**Extracted information**
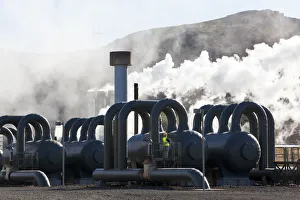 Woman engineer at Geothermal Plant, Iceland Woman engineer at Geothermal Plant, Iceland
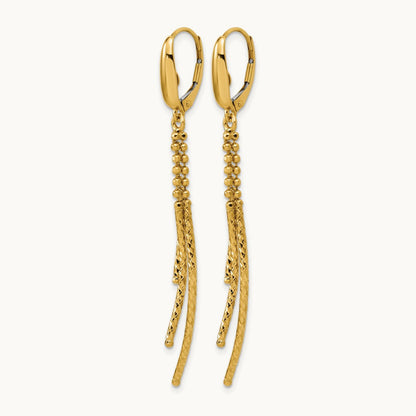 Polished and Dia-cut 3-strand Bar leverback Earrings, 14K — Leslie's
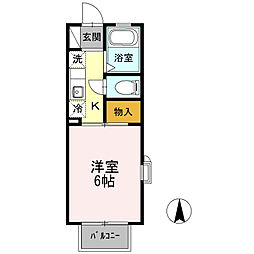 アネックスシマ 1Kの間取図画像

---

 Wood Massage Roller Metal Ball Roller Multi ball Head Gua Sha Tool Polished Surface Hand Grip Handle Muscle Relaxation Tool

* * *

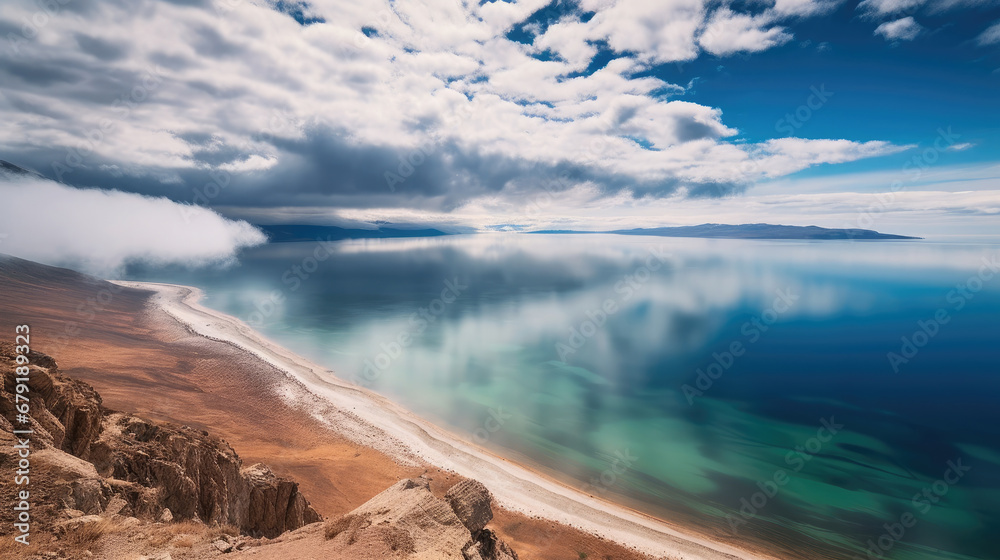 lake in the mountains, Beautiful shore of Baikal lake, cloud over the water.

**What to do**
Set down again, word for word, every line from the one with "Woman engineer at Geothermal Plant, Iceland Woman" to the one with "アネックスシマ 1Kの間取図画像" in the entries above, and omit the pictures.

**Answer space**
 Woman engineer at Geothermal Plant, Iceland Woman engineer at Geothermal Plant, Iceland
 Polished and Dia-cut 3-strand Bar leverback Earrings, 14K — Leslie's
 アネックスシマ 1Kの間取図画像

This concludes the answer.